I took these 2 measurements from 2 different Servers. Both have grown in Memory. 1 was running fine and only the other had and connectivity issue.

domibay-hugo commented 4 years ago

I disabled the agent.filesystem_state Check in the Administration Panel for the Host that was informing correctly since 2020-04-06. I also updated the Agent on the 2nd host that had the crash and could not connect since then.

As an remark: the unconnectable agent was able to connect correctly after Service Restart

domibay-hugo commented 4 years ago

The agent connects to three datacenters in order to remain highly available.

If it was for high availability why isn't there any data in the Intelligence Panel if only 1 connection is broken?

obviously any broken connection is fatal to the agent.

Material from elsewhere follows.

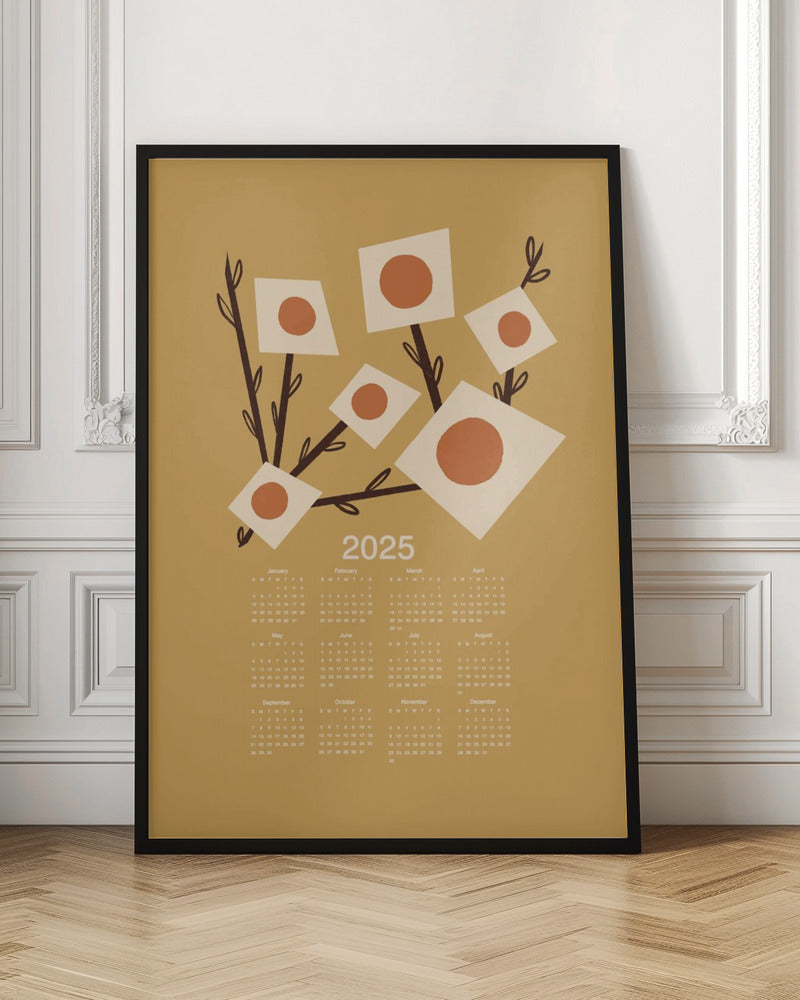 Sunburst Blossoms Yellow 2025 Mid Century Calendar Poster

itzg commented 4 years ago

Looking back at your logs, it appears the VM server identity couldn't get discovered like normal:

Tue Nov 05 08:31:33 PM 2019 INF: Machine ID unobtainable, Could not retrieve xenstore name, ret: 1, buffer:
Tue Nov 05 08:31:33 PM 2019 INF: Using hostname as agent ID (id=<server_name>)

As a workaround you can set monitoring_id (more info here) to the server ID, which will be a UUID value from the server panel.

However, it sounds like restarting the service may have resolved that issue also.